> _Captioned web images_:
########

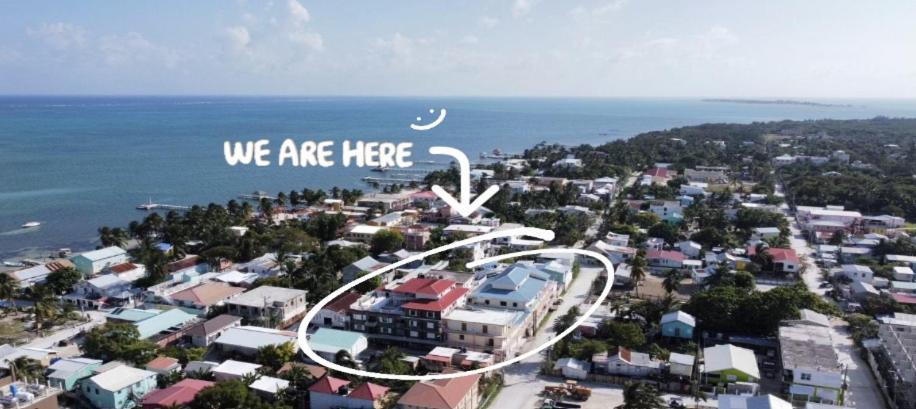 China Town Hotel Caye Caulker Εξωτερικό φωτογραφία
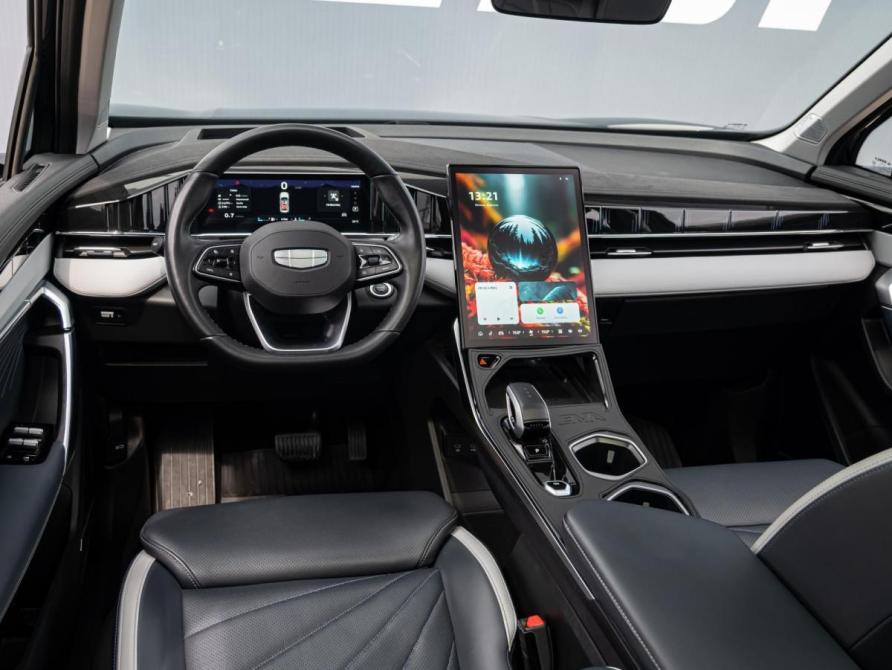 Geely Atlas II Краснодар  - изображение 6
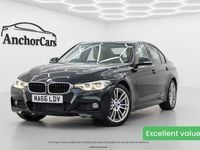 Used BMW 335 M Sport 313 HP (230 kW) 2016 Black Sedan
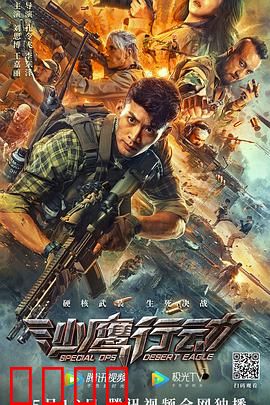 沙鹰行动：绝地突围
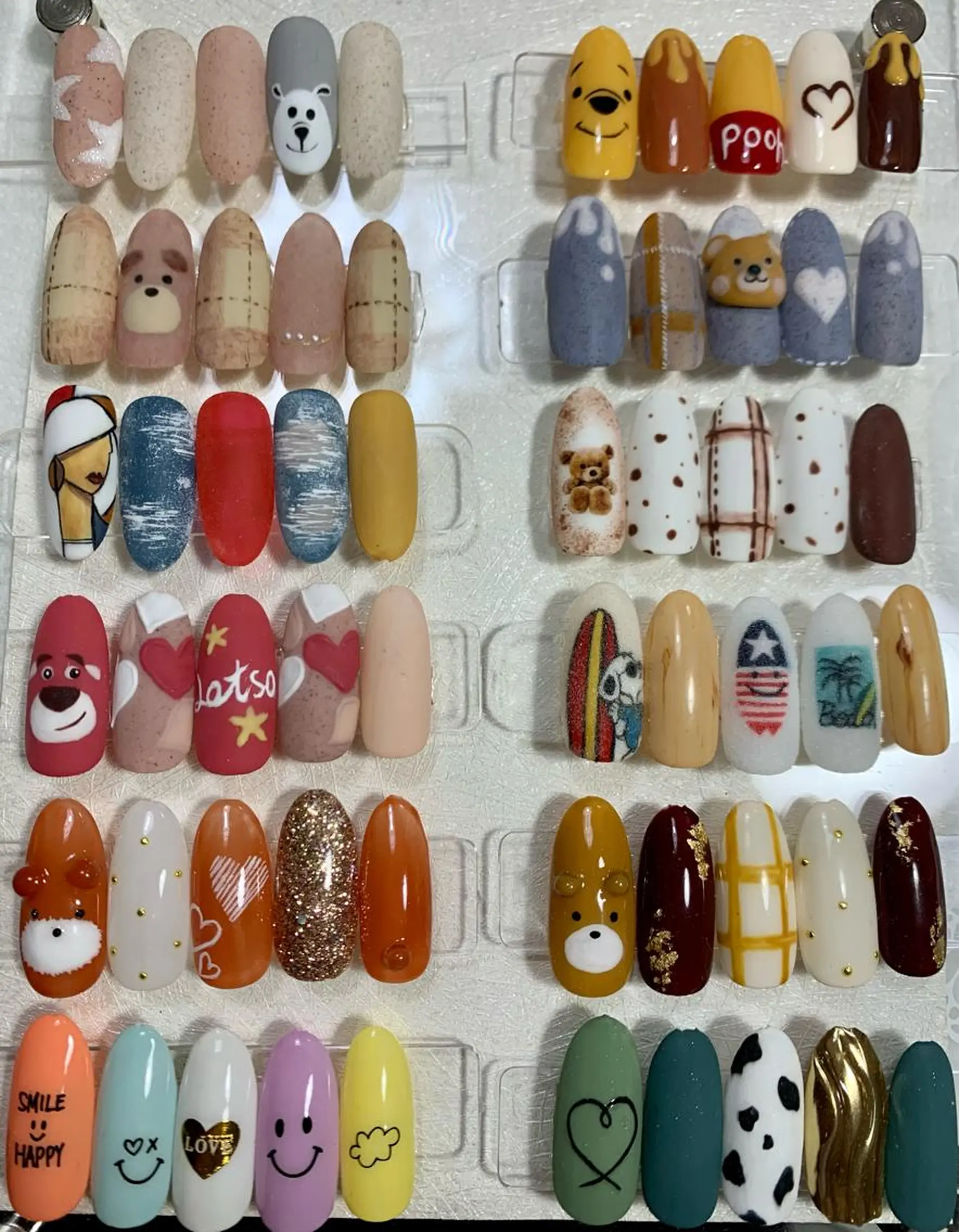 ネイル SYR nail salonのネイルデザイン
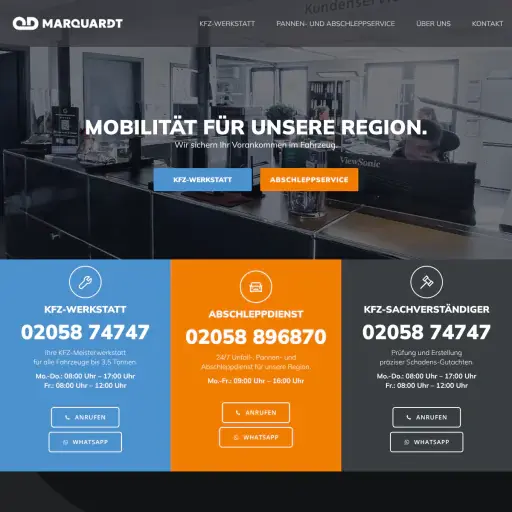 Marquardt GmbH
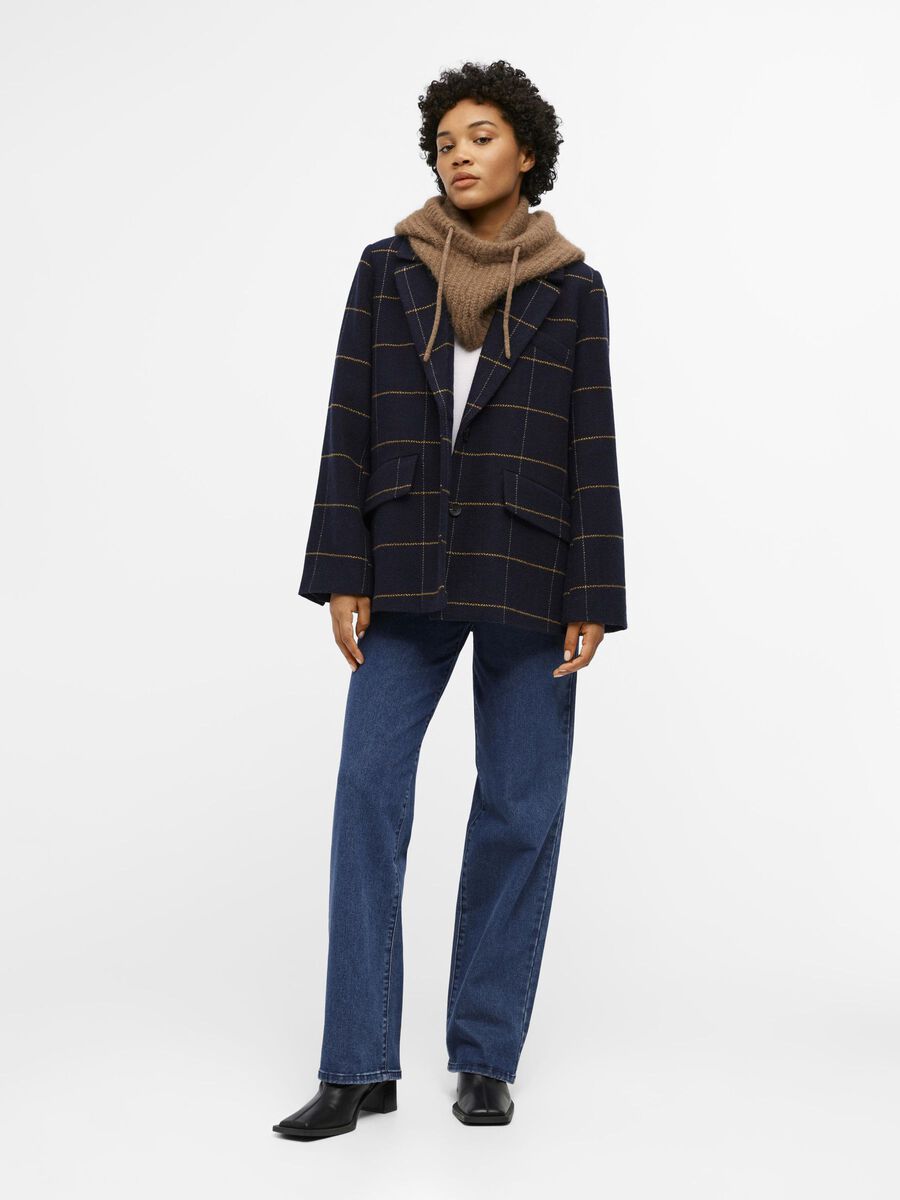 Carousel image - OBJMILU BALACLAVA, Fossil | 4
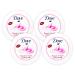 Dove Beauty Cream Pink 4 Pack ~ Dove Cream Oil Body Lotion For Skin Care, Body Care | Dove Beauty Cream Creme De Beaute (2.53 Fl Oz. Each)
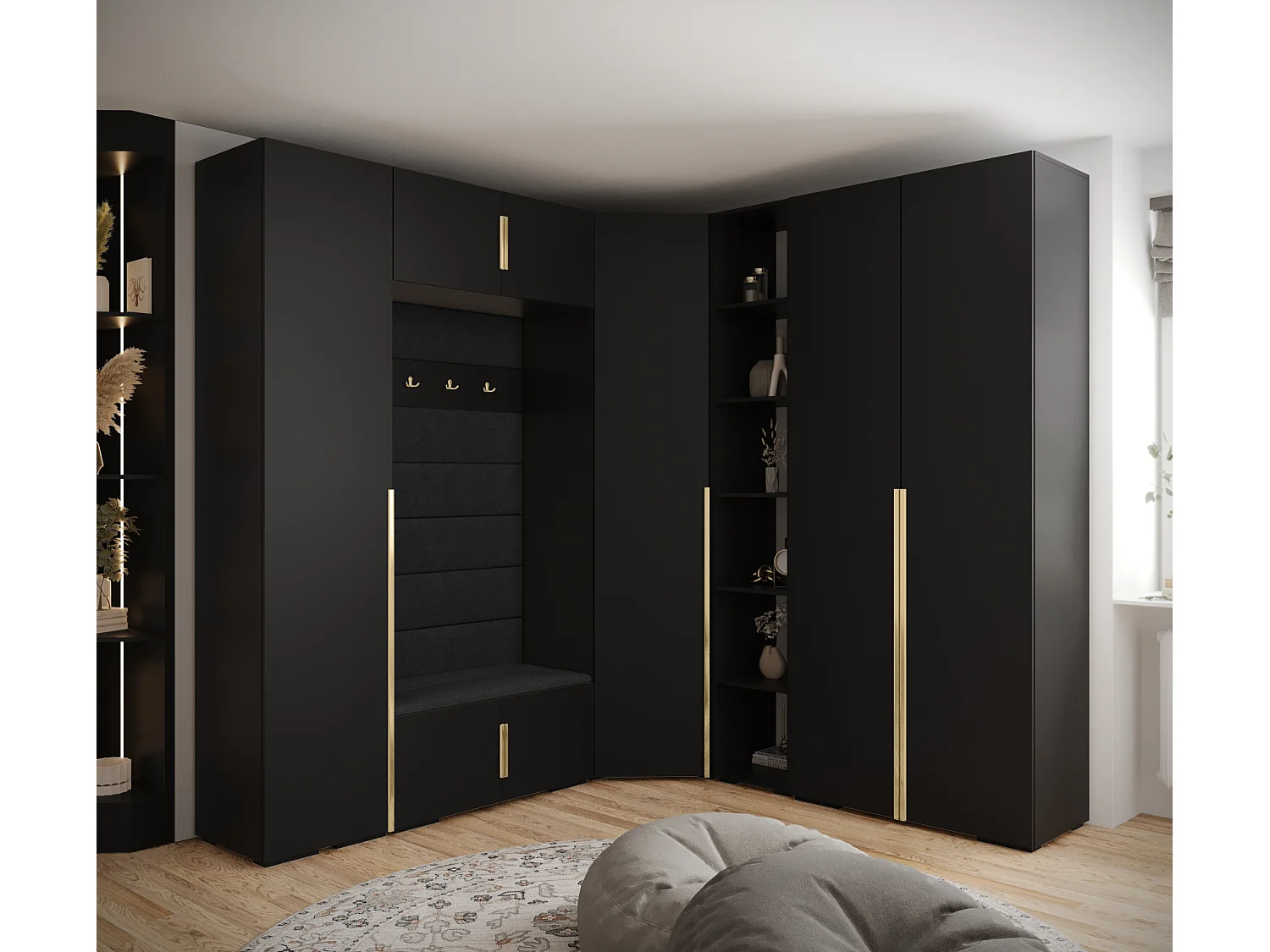 Garde-robe Inova 1 Z2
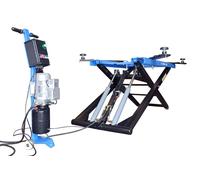 HBM hydraulische mobile Hebebühne 2800 kg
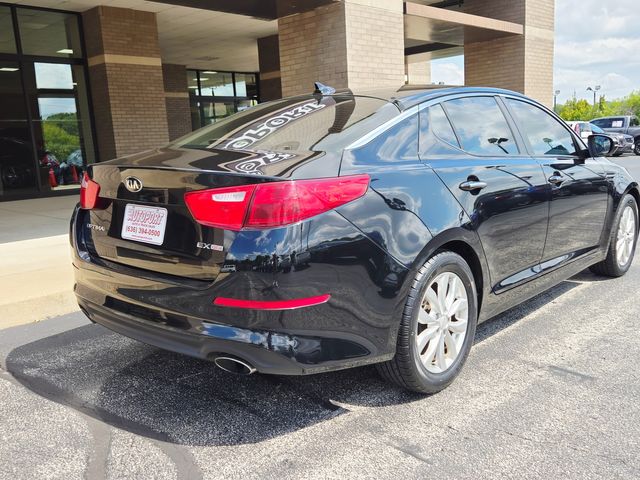 2015 Kia Optima EX | Ellisville, MO | AutoPort 2015 Kia Optima EX | Ellisville, MO | AutoPort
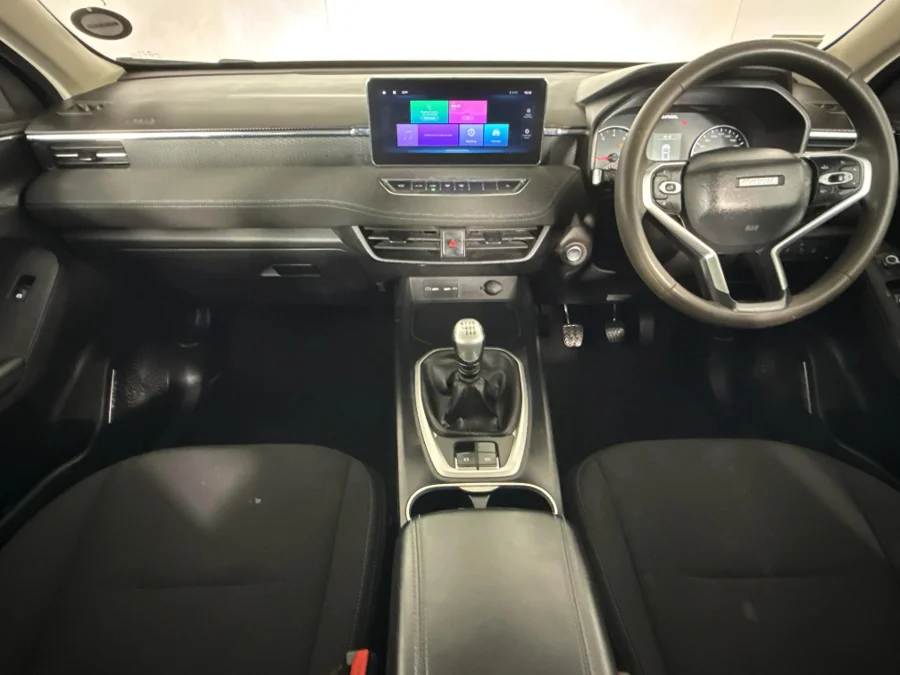 Used 2021 Haval Jolion 1.5T City - WeBuyCars Silverlakes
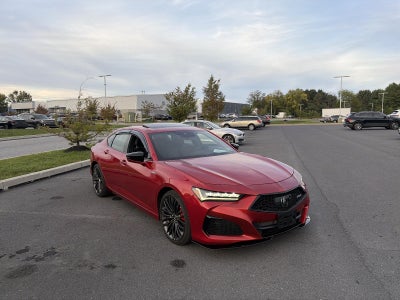 2023 Acura TLX Type S SH-AWD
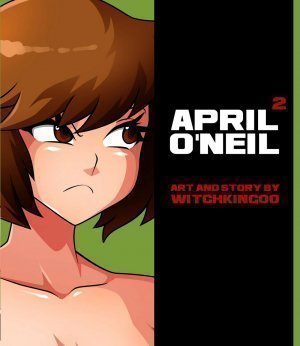 April Oneil Porn Xxx - April O'Neil - Save The Turtles 2 - big breasts porn comics ...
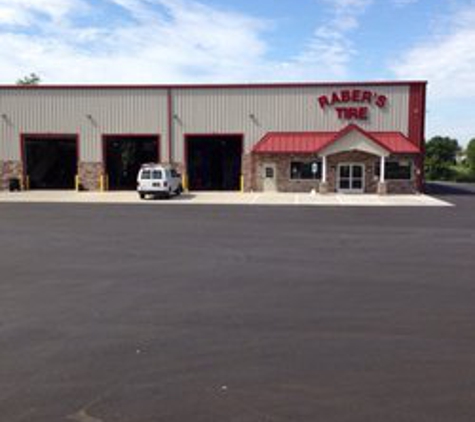 Raber Discount Tire - Ephrata, PA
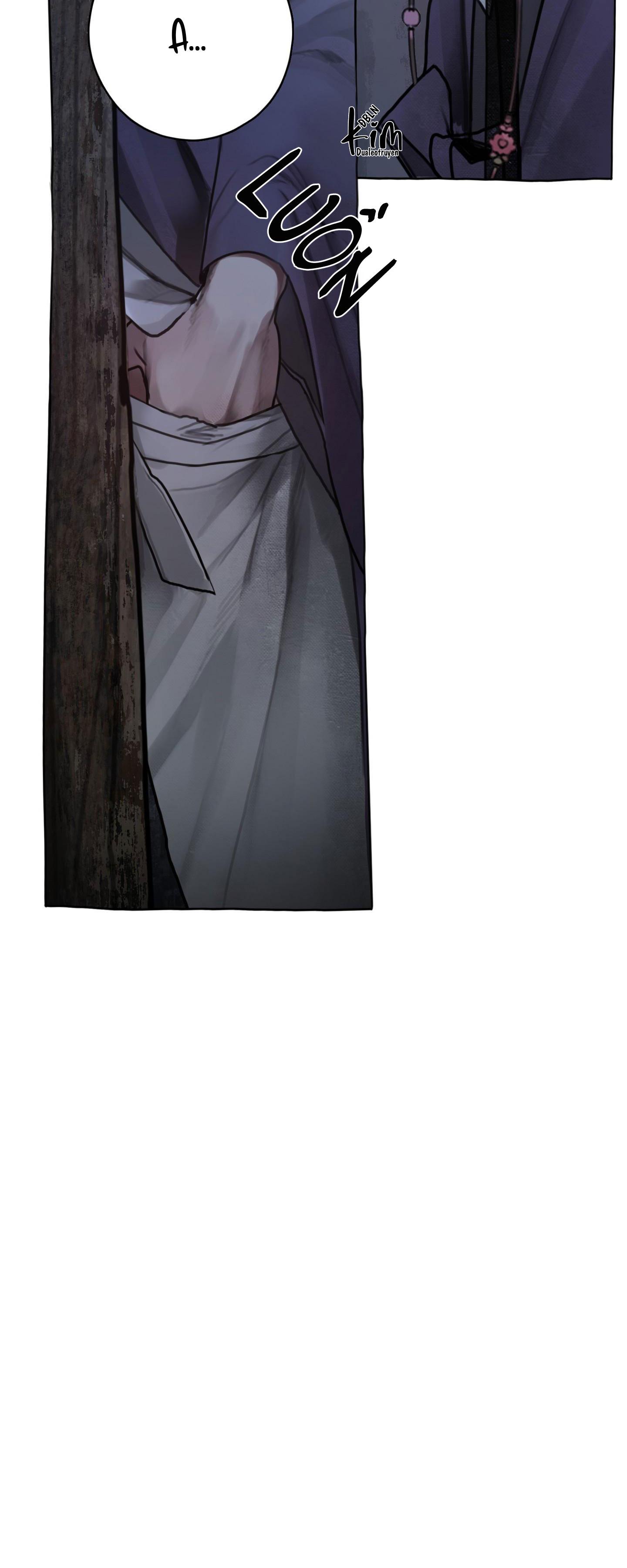 bl cổ trang - âu cổ ngắn nhà kim chapter 25.2 20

########

> _ASSIGNMENT_: A faithful copy is needed of the lines from the one containing "Marquardt GmbH" through the last line of the data above, with pictures left out.

> _OUTPUT FOR THIS TASK_:
 Marquardt GmbH
 Carousel image - OBJMILU BALACLAVA, Fossil | 4
 Dove Beauty Cream Pink 4 Pack ~ Dove Cream Oil Body Lotion For Skin Care, Body Care | Dove Beauty Cream Creme De Beaute (2.53 Fl Oz. Each)
 Garde-robe Inova 1 Z2
 HBM hydraulische mobile Hebebühne 2800 kg
 2015 Kia Optima EX | Ellisville, MO | AutoPort 2015 Kia Optima EX | Ellisville, MO | AutoPort
 Used 2021 Haval Jolion 1.5T City - WeBuyCars Silverlakes
 2023 Acura TLX Type S SH-AWD
 April Oneil Porn Xxx - April O'Neil - Save The Turtles 2 - big breasts porn comics ...
 Raber Discount Tire - Ephrata, PA
 bl cổ trang - âu cổ ngắn nhà kim chapter 25.2 20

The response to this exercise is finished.